→ **WHAT THE EXERCISE ASKS**: The result should be an exact copy of only the lines from the one with "Lotus Black Xena Flatform Sandals" through the last line of the data below, with pictures omitted.

■ ■ ■

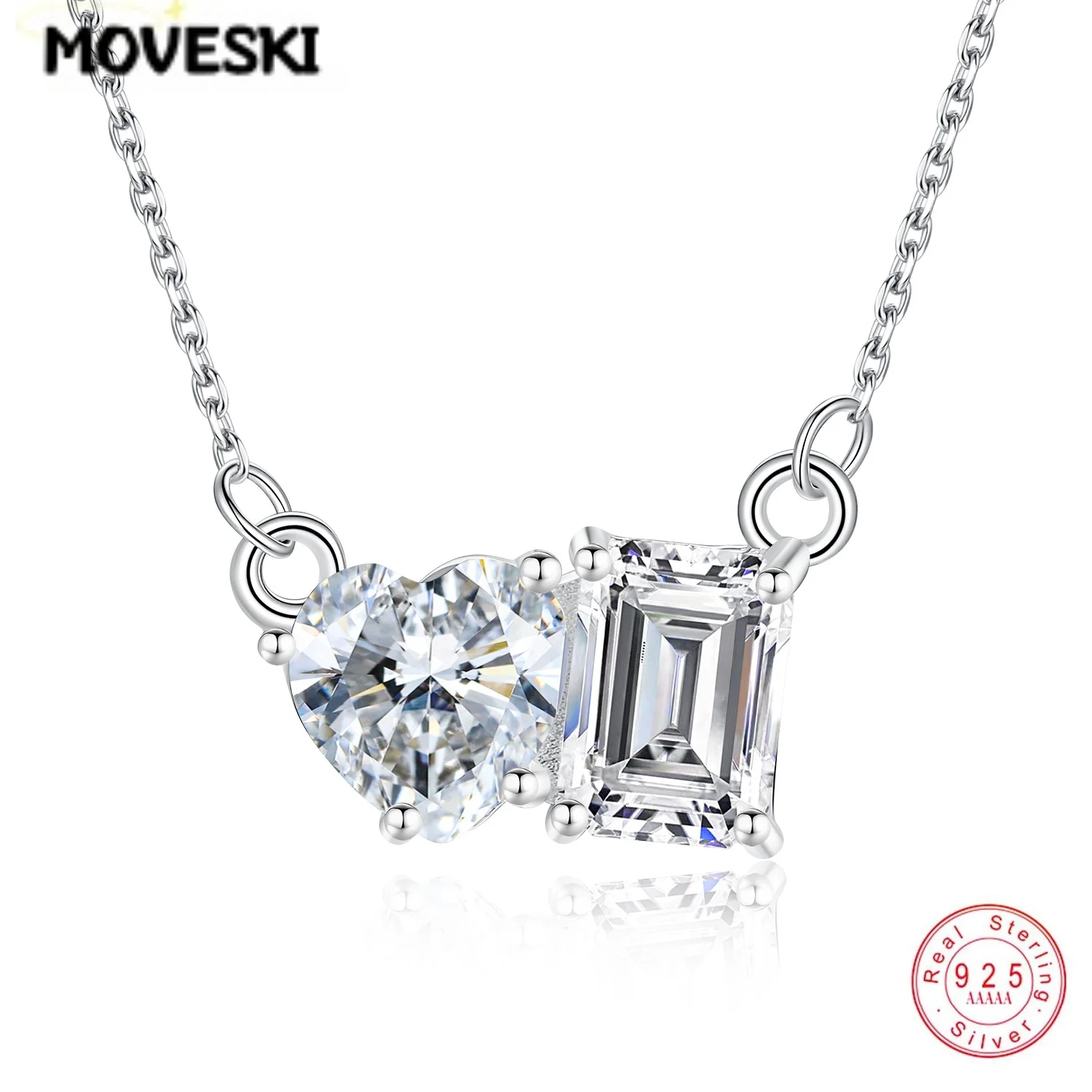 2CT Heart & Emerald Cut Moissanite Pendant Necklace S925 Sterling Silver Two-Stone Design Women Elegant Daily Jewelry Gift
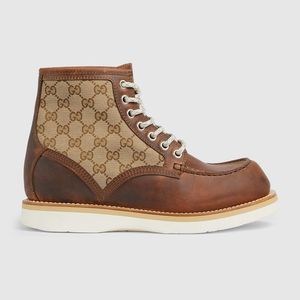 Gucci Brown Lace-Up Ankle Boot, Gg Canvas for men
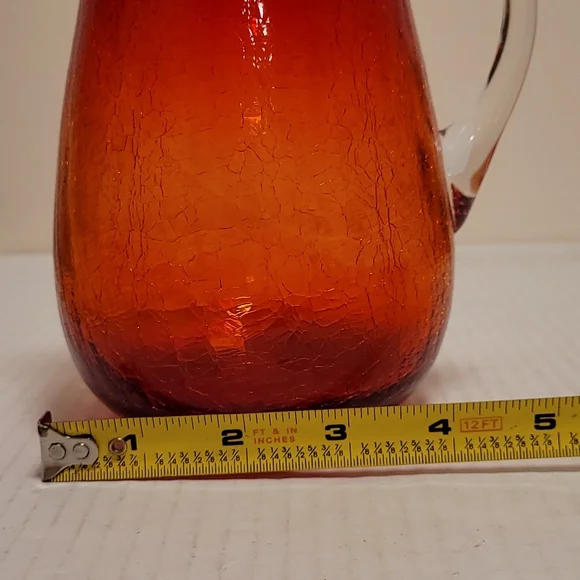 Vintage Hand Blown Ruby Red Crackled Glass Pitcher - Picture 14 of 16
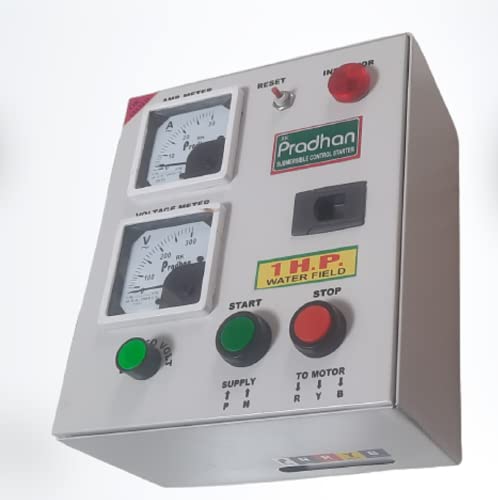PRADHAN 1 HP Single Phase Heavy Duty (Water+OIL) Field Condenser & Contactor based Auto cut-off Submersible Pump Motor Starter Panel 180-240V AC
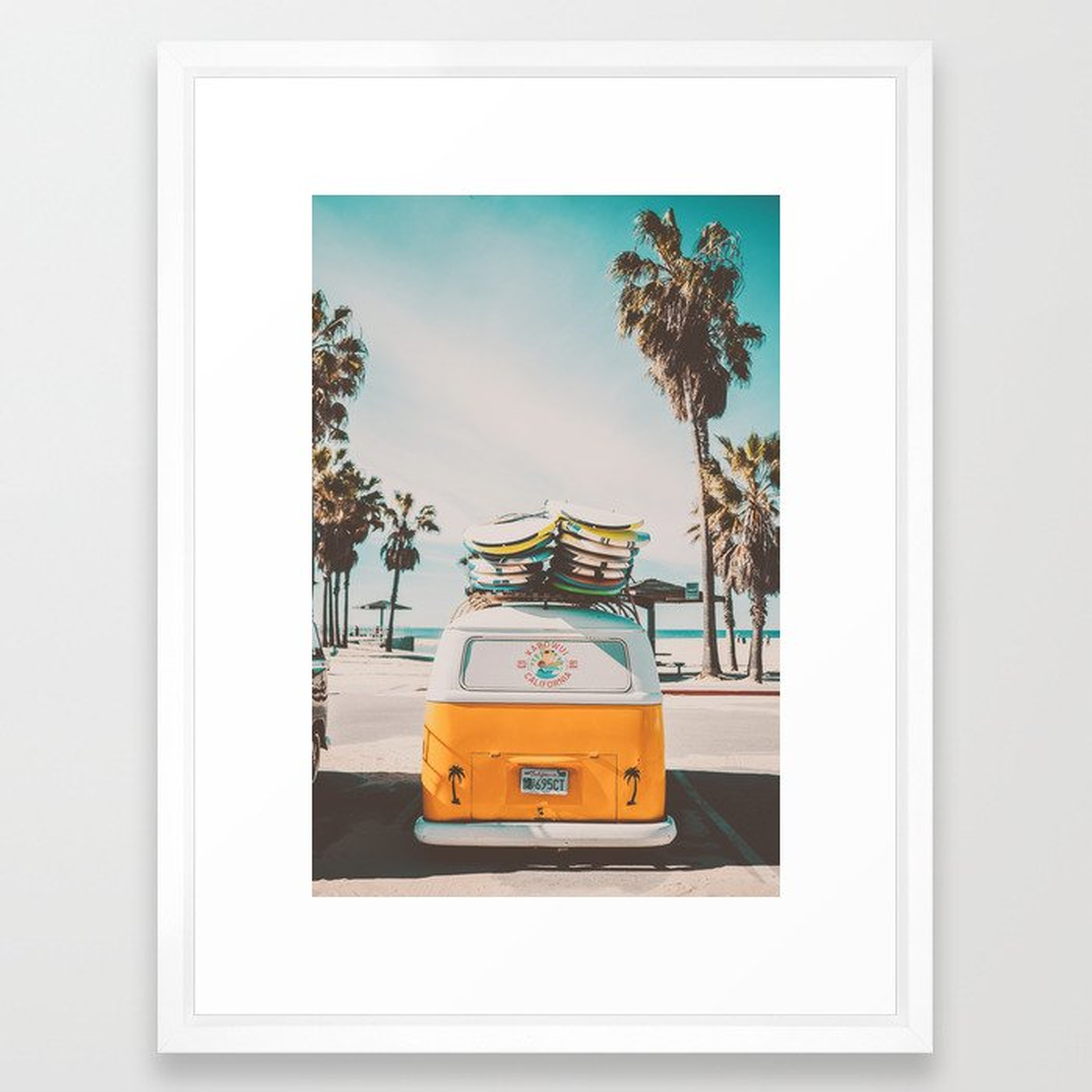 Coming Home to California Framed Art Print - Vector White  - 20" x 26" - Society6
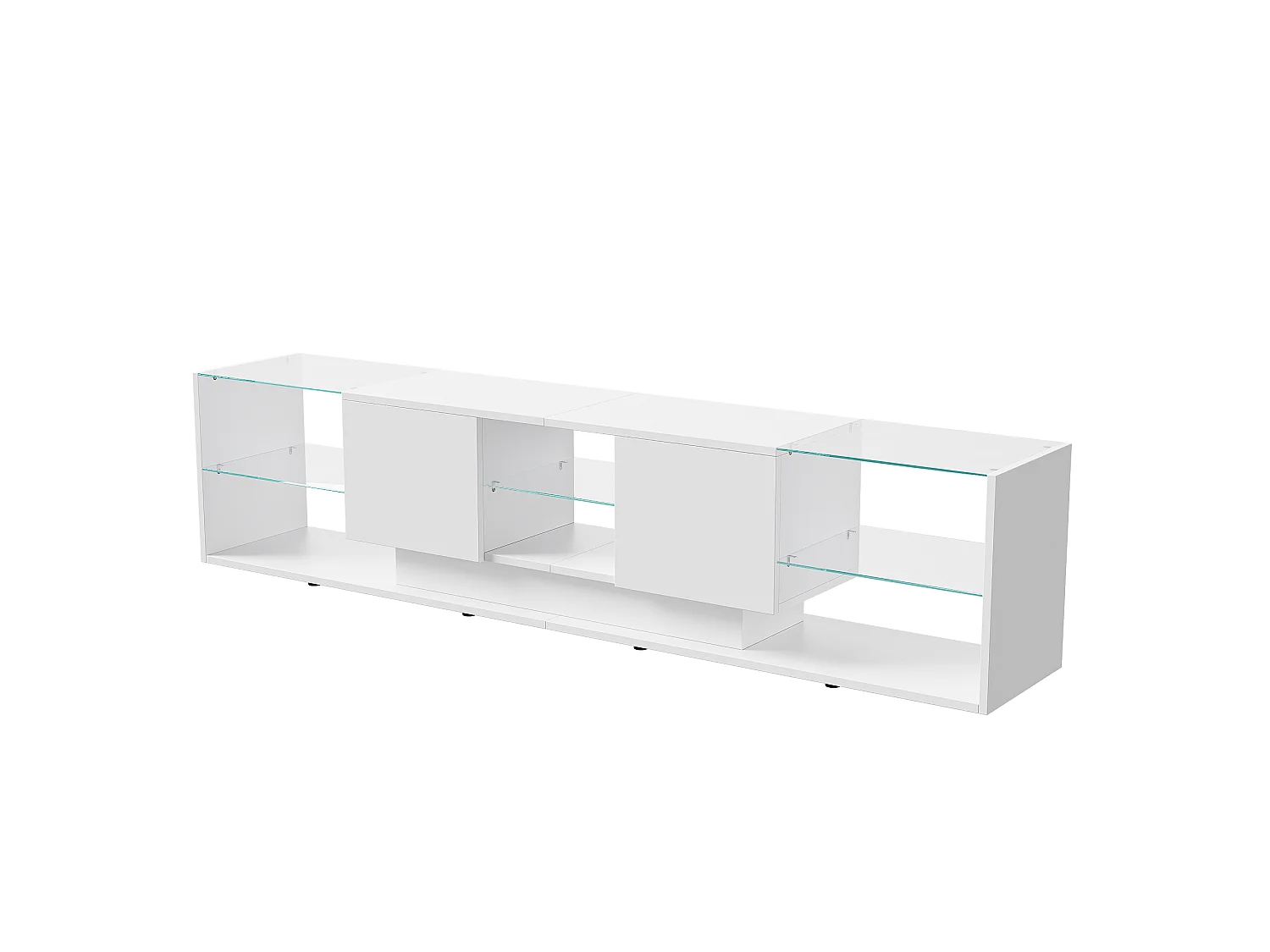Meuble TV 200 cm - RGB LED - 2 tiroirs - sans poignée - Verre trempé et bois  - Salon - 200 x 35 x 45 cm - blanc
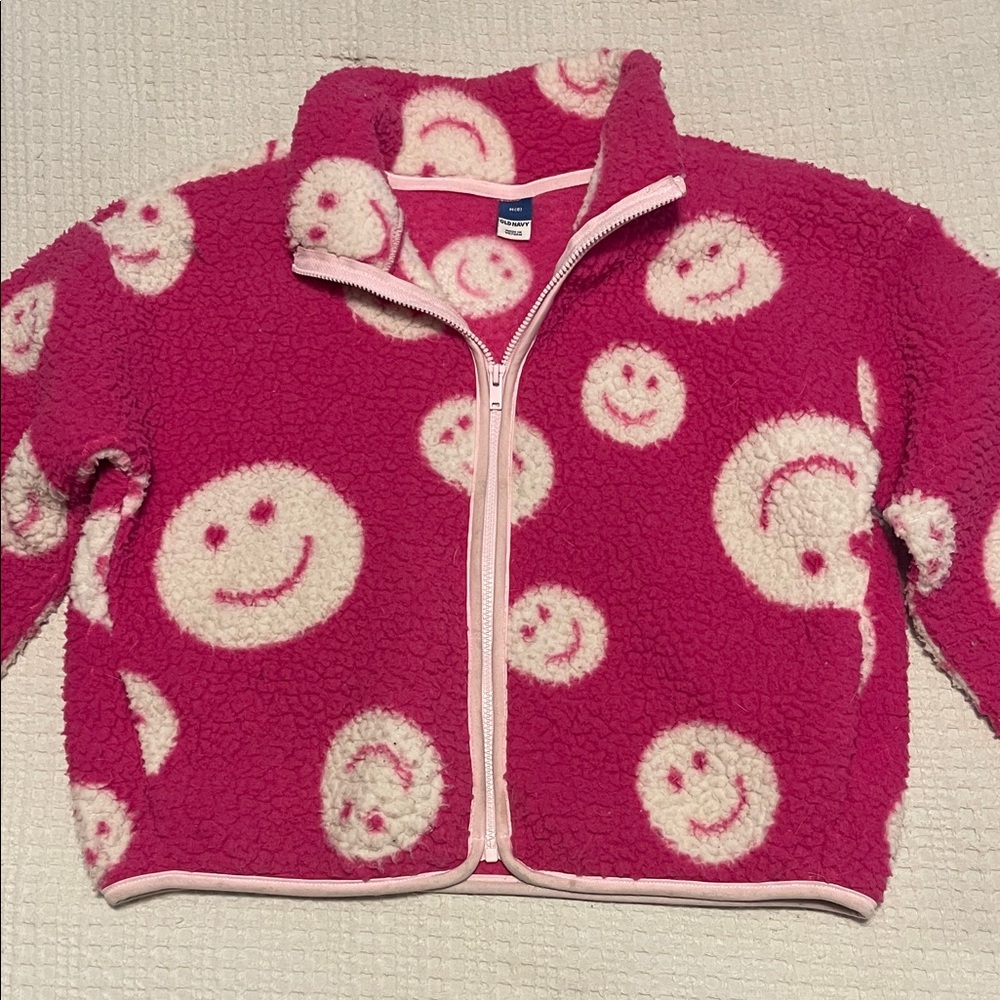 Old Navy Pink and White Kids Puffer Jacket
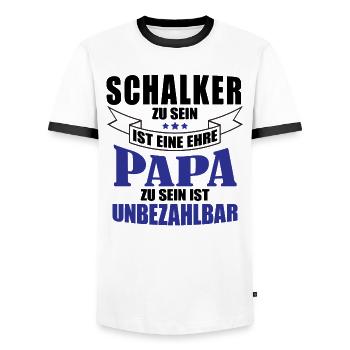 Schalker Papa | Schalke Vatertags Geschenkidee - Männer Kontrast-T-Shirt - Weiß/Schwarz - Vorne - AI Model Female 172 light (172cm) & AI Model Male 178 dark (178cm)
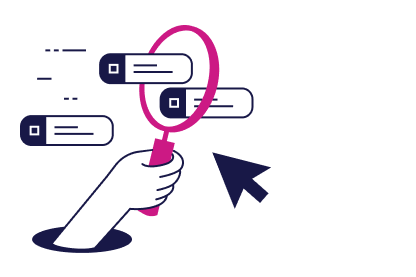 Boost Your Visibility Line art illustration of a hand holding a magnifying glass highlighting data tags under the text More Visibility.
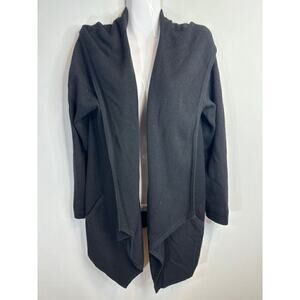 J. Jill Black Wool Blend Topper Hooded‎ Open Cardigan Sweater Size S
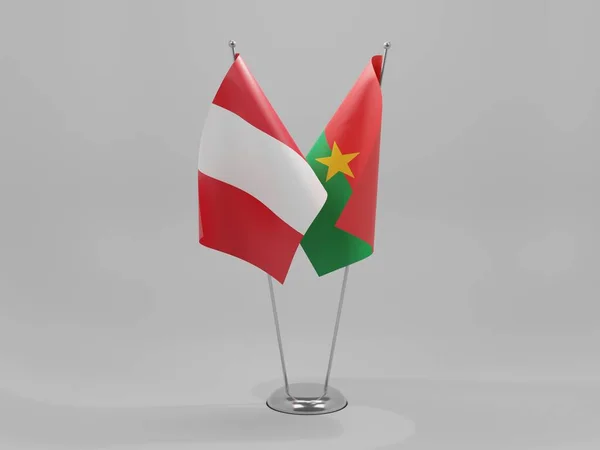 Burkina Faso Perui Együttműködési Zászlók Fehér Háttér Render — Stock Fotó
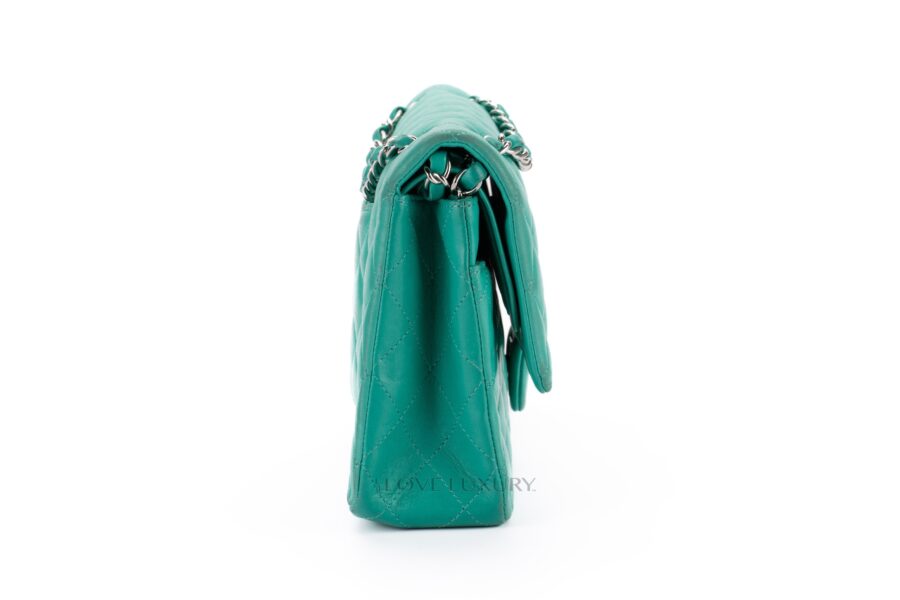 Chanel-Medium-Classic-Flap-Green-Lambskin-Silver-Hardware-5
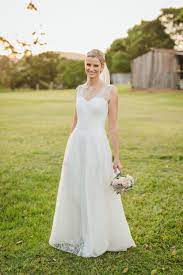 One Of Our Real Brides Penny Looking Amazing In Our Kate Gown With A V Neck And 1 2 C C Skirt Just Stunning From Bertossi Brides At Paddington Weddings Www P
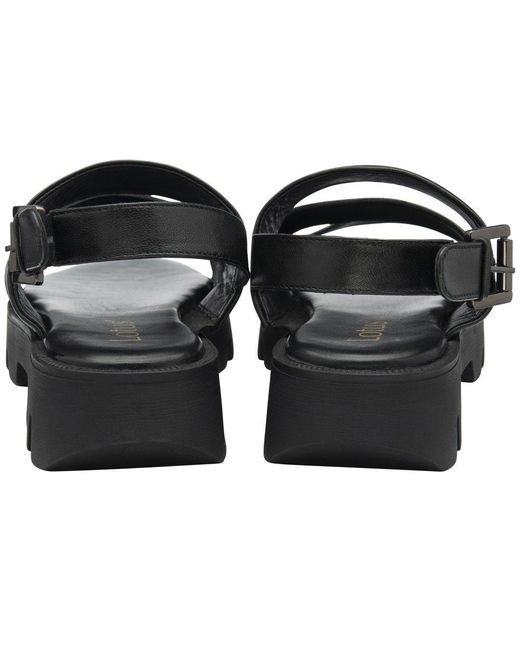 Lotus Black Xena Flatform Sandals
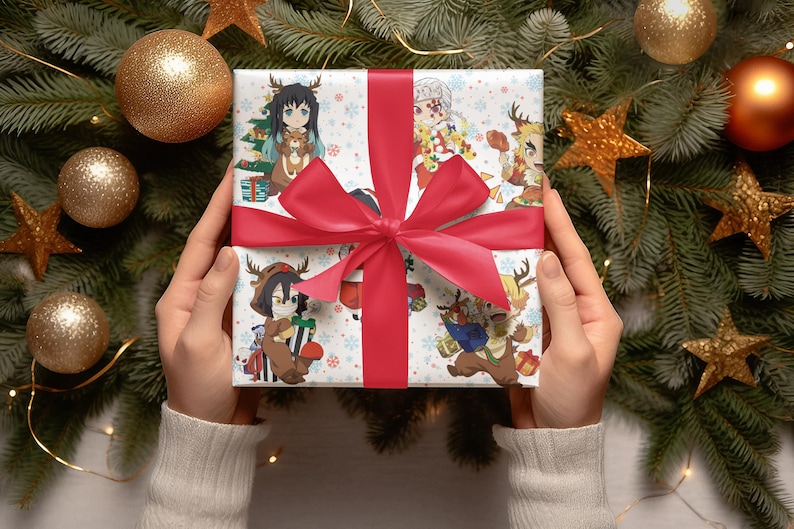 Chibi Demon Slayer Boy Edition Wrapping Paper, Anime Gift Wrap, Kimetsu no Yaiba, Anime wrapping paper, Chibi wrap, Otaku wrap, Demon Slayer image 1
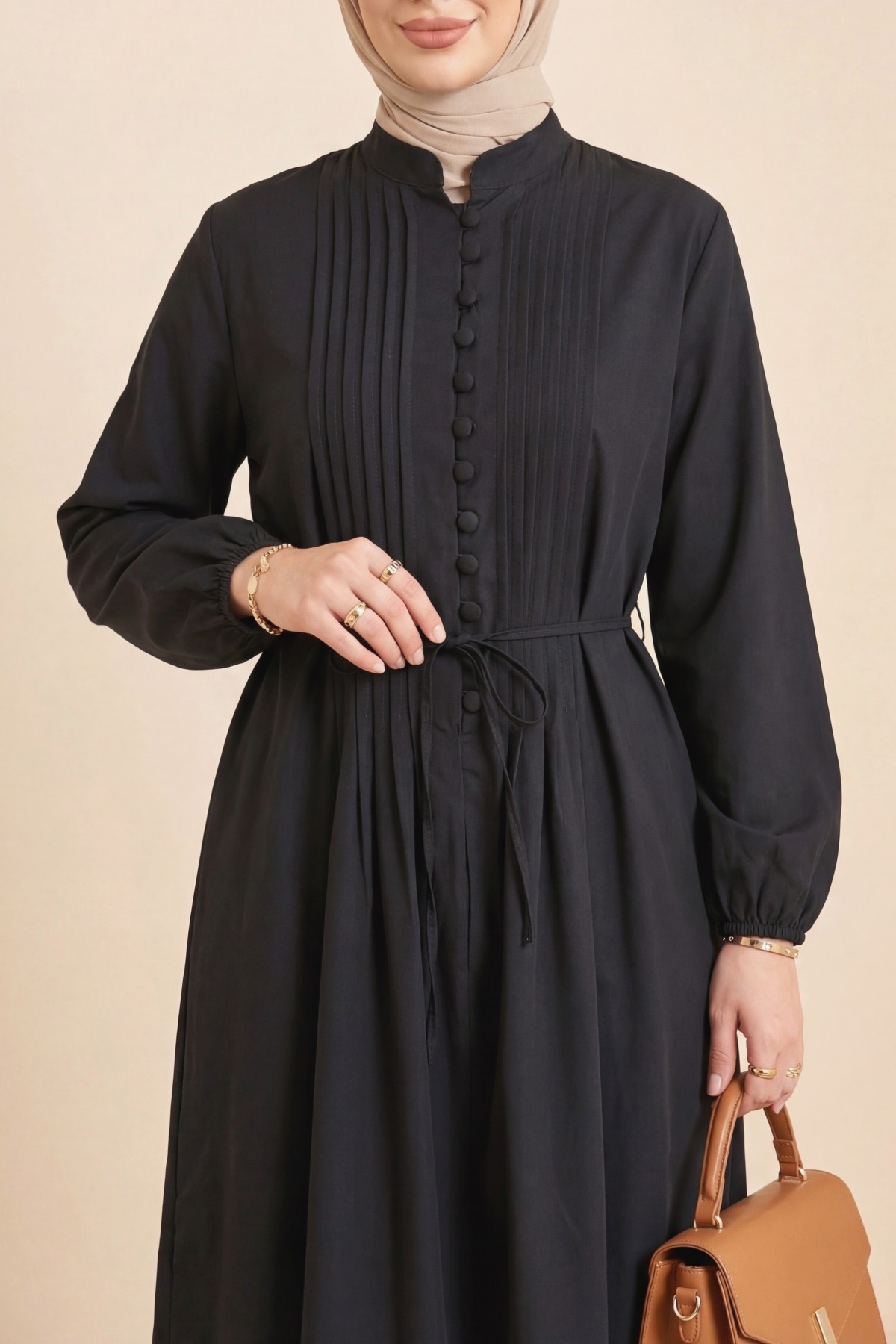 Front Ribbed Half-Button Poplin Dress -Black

■ ■ ■

→ **RESULT OF THIS TASK**:
 Lotus Black Xena Flatform Sandals
 Chibi Demon Slayer Boy Edition Wrapping Paper, Anime Gift Wrap, Kimetsu no Yaiba, Anime wrapping paper, Chibi wrap, Otaku wrap, Demon Slayer image 1
 Front Ribbed Half-Button Poplin Dress -Black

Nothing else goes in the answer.